Oh Andrea, very well said! If they only knew how much you love your husband!!! .......now Bisou is another matter!! :happy::happy::happy:


----------



## iheartbisou (Feb 13, 2007)

CeeCee's Mom said:


> Oh Andrea, very well said! If they only knew how much you love your husband!!! .......now Bisou is another matter!! :happy::happy::happy:


:HistericalSmiley: Bisou loves him...just not _nearly_ as much as me! lol. Her new nickname by my friends is "Single White Female" because of her obsession with me! lol.


----------



## Deborah (Jan 8, 2006)

She is a real beauty.:wub:


----------



## ilovemymaltese (Oct 9, 2008)

Awwwwwww she is sooo adorable Andrea!!!!!:wub::wub::wub:


----------



## Snowbody (Jan 3, 2009)

Andrea - Bisou looks just perfect. And after the horror stories about the grooming guerillas around who just hack away thank goodness you've got someone good. Bisou's haircut looks a lot like Tyler's does...about the same length and I love it. The last time at the groomer I told her to cut things a little shorter and I also did the face trim thing because of his staining. She was so excited that I let her cut more. But she still went on the conservative side knowing my fears. I thank my lucky stars.
Tyler says that while mom and dad are in Paris he wishes he could visit beautiful Bisou.:wub::wub:


----------



## Julie03 (Mar 18, 2010)

Wow, she's gorgeous! Loving the new haircut. :wub:


----------



## iheartbisou (Feb 13, 2007)

Snowbody said:


> Andrea - Bisou looks just perfect. And after the horror stories about the grooming guerillas around who just hack away thank goodness you've got someone good. Bisou's haircut looks a lot like Tyler's does...about the same length and I love it. The last time at the groomer I told her to cut things a little shorter and I also did the face trim thing because of his staining. She was so excited that I let her cut more. But she still went on the conservative side knowing my fears. I thank my lucky stars.
> Tyler says that while mom and dad are in Paris he wishes he could visit beautiful Bisou.:wub::wub:


Sue- Tyler (and you!!) are always welcomed to come visit Bisou...but sadly there's a quarantine here in Shanghai..so Tyler would be in a Chinese puppy jail for a week- which is no way to spend a vacation! (but that Chinese puppy jail doesn't apply to you! lol)


----------



## cleex1004 (Aug 2, 2008)

Bijou looks adorable! Thanks for mentioning the quarentine in Shanghai, the bf is there right now and I was considering visiting with louis. I don't think I could be separated from him for a week though.


----------



## iheartbisou (Feb 13, 2007)

cleex1004 said:


> Bijou looks adorable! Thanks for mentioning the quarentine in Shanghai, the bf is there right now and I was considering visiting with louis. I don't think I could be separated from him for a week though.

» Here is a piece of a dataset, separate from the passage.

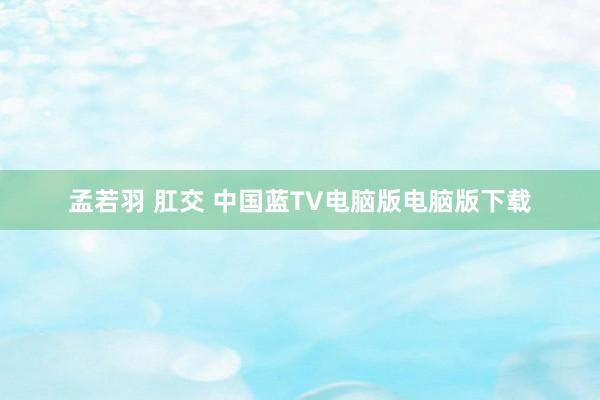 孟若羽 肛交 中国蓝TV电脑版电脑版下载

oh yeah you would not want to bring your baby to China for a visit. Actually it's a 30 day quarantine- 7 days in the gov. facility (where you are not allowed to visit or even see) and then 23 days at home...then to get your dog out of China, you must visit the government vet, get a lot of shots and a lot of paperwork to leave. And if you don't speak Mandarin, expect to pay around $1500 USD for a pet agent to do this for you. yikes.

It's not a pet friendly place at all. 

Dogs aren't allowed in parks here, never on the street without a permit (which cost $300 every year), not allowed in any hotels nor in cabin on any domestic flights. They do 'dog culls' here and take all dogs w/o permits- even if you have one but left it at home- and end of story. You do not get your dog back- ever. We never leave the house without our permits!


----------



## Kara (Apr 29, 2007)

Beautiful girl.


----------



## Delilahs Mommy (Nov 22, 2009)

She is so pretty! I love her little face! They did a real good job.


----------



## roxybaby22 (Feb 25, 2009)

Awww, I think Bisou looks adorable! :wub::wub::wub:


----------



## momtoboo (Jan 30, 2006)

Beautiful.:wub:


----------



## lovesophie (Jan 28, 2008)

She is absolutely precious. Way too adorable for her own good! :wub::wub::wub: Her hair looks silky soft, too.


----------



## mamapajamas (Apr 12, 2009)

Awww... she looks so beautiful! :wub::wub::wub:

And here's a bisou for you, pretty girl! :smootch:


----------



## moshi melo (Jul 2, 2009)

Aww I just love Bisou!!! She's way too beautiful!!


----------



## maltemom09 (Jan 27, 2010)

Bailey says: "Oh momma, I fink I in wub"


----------



## joyomom (Jan 13, 2008)

Adorable.....she is beautiful!!!!


----------



## poochie2 (Jan 14, 2010)

What a gorgeous girl you have !:Sunny Smile:


----------



## Snowbody (Jan 3, 2009)

shanghaimomma said:


> Sue- Tyler (and you!!) are always welcomed to come visit Bisou...but sadly there's a quarantine here in Shanghai..so Tyler would be in a Chinese puppy jail for a week- which is no way to spend a vacation! (but that Chinese puppy jail doesn't apply to you! lol)


:new_shocked::new_shocked::new_shocked:Tyler said he never really wanted to go to Shanghai (after hearing this news) and says I should let him know when you and Bisou are in America next. He says we know how to put on the dog...not put the dog in puppy prison.:w00t::HistericalSmiley:


----------